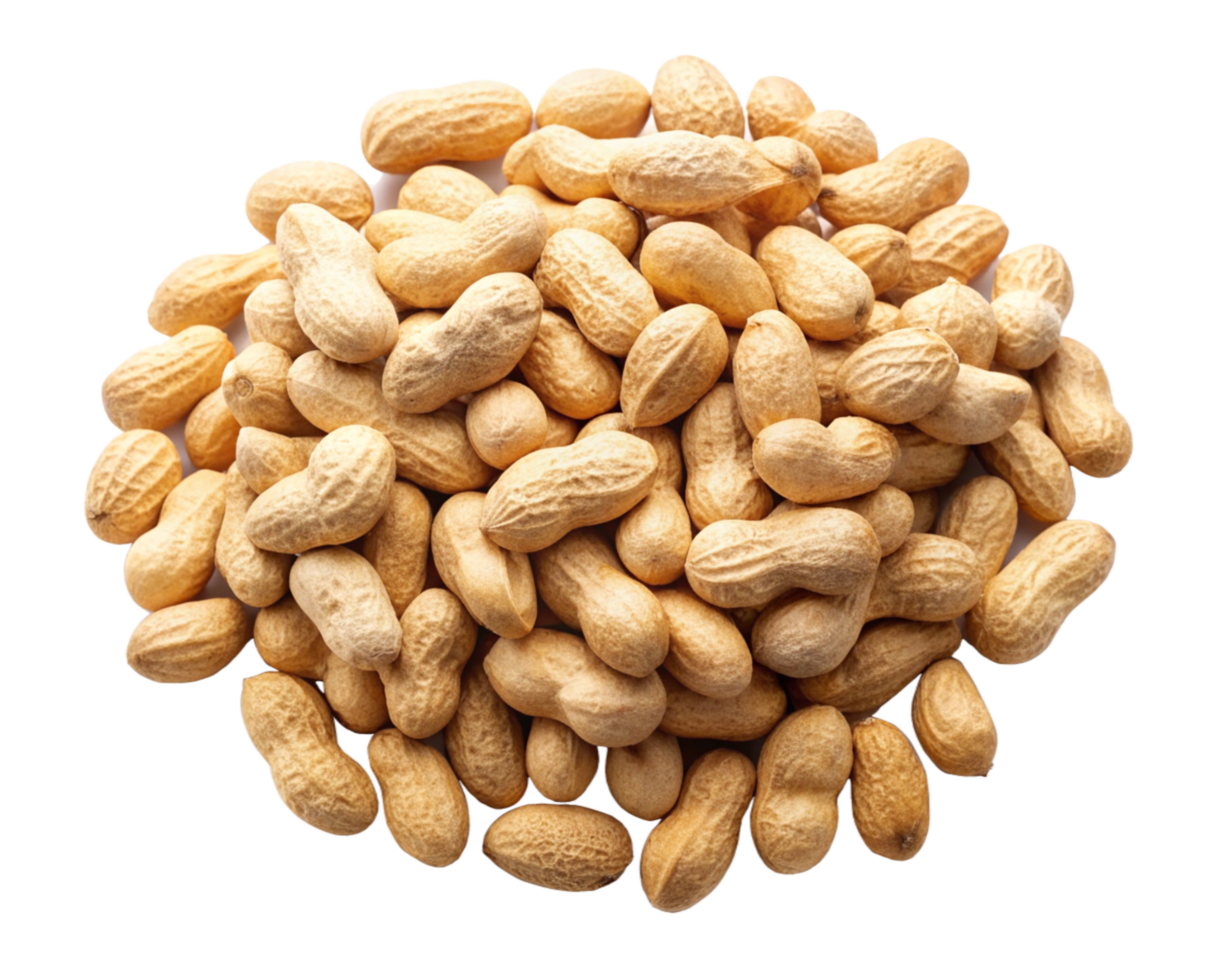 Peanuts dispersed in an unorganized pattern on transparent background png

____

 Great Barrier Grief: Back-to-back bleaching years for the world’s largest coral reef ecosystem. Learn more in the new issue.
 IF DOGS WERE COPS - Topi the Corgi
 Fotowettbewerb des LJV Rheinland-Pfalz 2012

____

■ Task requirements: Among the records above, a stretch begins at the line containing "Great Barrier Grief: Back-to-back" and ends at the line containing "Fotowettbewerb des LJV Rheinland-Pfalz 2012". Restate that stretch word for word, and nothing else.

■ Result of this task:
 Great Barrier Grief: Back-to-back bleaching years for the world’s largest coral reef ecosystem. Learn more in the new issue.
 IF DOGS WERE COPS - Topi the Corgi
 Fotowettbewerb des LJV Rheinland-Pfalz 2012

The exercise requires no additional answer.